The task: Output every line below as it stands, dropping only the images.

Data:
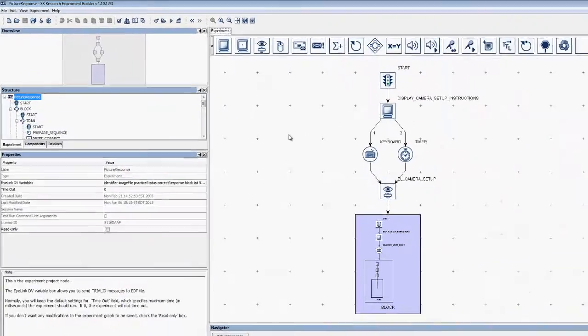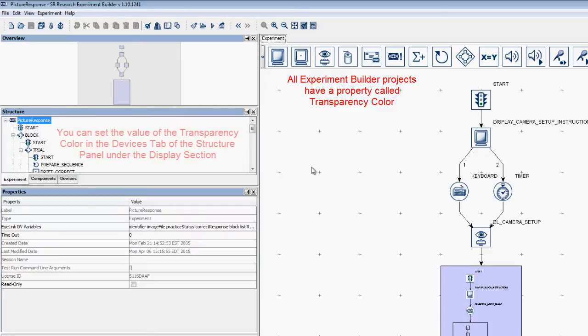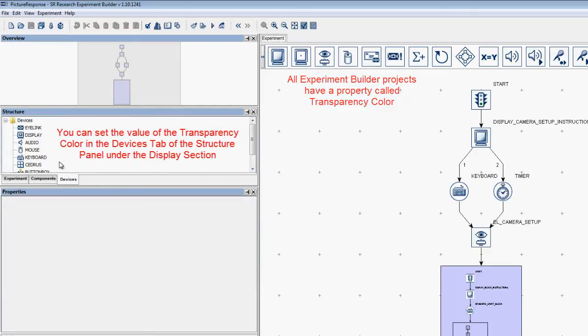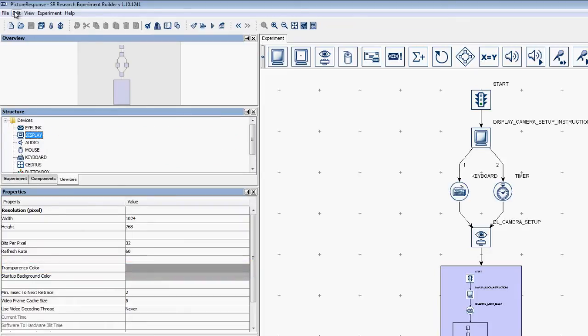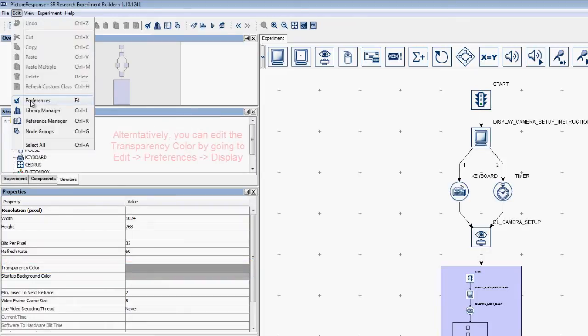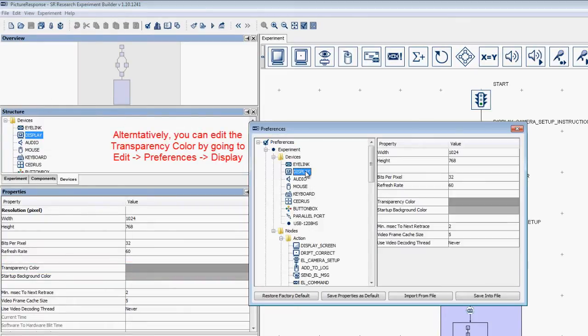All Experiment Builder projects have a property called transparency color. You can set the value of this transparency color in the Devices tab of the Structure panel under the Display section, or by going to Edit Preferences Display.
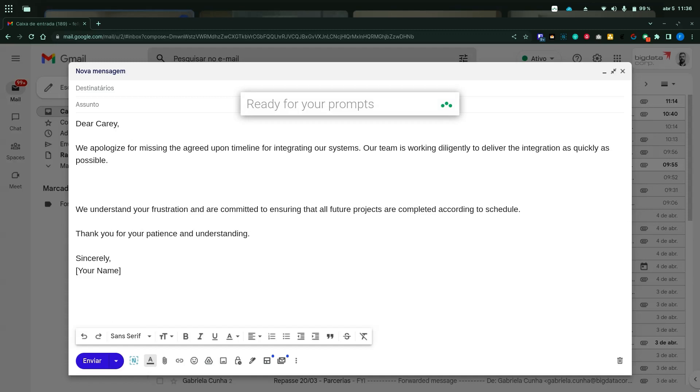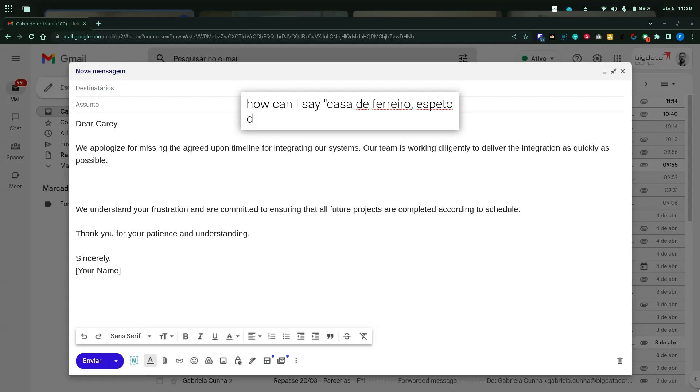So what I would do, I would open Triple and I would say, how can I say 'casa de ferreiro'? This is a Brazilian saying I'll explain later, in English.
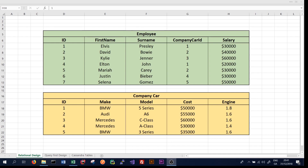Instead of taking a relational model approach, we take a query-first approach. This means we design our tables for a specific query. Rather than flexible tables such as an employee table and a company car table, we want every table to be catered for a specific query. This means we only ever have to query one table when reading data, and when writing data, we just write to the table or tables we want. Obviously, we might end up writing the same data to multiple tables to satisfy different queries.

Solution to this task:
All Experiment Builder projects have a property called transparency color. You can set the value of this transparency color in the Devices tab of the Structure panel under the Display section, or by going to Edit Preferences Display.
So what I would do, I would open Triple and I would say, how can I say 'casa de ferreiro'? This is a Brazilian saying I'll explain later, in English.
Instead of taking a relational model approach, we take a query-first approach. This means we design our tables for a specific query. Rather than flexible tables such as an employee table and a company car table, we want every table to be catered for a specific query. This means we only ever have to query one table when reading data, and when writing data, we just write to the table or tables we want. Obviously, we might end up writing the same data to multiple tables to satisfy different queries.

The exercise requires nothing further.